(Extracted records)
· · · · ·

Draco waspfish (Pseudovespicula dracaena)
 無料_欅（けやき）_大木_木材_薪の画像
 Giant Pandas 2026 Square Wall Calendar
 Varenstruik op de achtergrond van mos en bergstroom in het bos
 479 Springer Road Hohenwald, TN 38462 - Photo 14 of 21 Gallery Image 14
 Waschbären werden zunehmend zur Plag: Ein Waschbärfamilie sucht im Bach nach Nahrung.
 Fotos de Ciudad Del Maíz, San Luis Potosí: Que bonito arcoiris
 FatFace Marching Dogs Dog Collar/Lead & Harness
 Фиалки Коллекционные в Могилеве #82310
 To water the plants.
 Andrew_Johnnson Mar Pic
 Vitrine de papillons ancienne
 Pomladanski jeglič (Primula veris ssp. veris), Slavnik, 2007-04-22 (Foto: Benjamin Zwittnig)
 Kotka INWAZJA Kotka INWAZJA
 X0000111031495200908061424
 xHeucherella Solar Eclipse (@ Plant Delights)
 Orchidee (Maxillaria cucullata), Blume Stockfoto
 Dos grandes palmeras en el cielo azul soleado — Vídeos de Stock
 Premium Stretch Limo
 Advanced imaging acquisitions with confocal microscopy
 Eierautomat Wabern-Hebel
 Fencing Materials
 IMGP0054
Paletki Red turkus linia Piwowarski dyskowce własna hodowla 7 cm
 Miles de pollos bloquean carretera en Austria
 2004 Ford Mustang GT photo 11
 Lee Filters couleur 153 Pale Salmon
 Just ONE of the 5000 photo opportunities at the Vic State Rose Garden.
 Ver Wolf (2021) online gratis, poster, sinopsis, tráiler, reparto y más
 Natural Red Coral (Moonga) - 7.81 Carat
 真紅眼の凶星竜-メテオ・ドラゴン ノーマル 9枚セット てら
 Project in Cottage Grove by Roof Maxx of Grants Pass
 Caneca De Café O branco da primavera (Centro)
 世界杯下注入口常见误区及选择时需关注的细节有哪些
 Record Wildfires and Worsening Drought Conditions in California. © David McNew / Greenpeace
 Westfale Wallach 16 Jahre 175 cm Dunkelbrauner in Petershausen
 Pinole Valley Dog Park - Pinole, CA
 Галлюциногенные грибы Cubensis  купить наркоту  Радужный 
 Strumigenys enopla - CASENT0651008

· · · · ·

EXERCISE:
Please return every line from the one that contains "世界杯下注入口常见误区及选择时需关注的细节有哪些" through the end of the entries, exactly, leaving out all others.

SOLUTION TO THE PROBLEM:
 世界杯下注入口常见误区及选择时需关注的细节有哪些
 Record Wildfires and Worsening Drought Conditions in California. © David McNew / Greenpeace
 Westfale Wallach 16 Jahre 175 cm Dunkelbrauner in Petershausen
 Pinole Valley Dog Park - Pinole, CA
 Галлюциногенные грибы Cubensis  купить наркоту  Радужный 
 Strumigenys enopla - CASENT0651008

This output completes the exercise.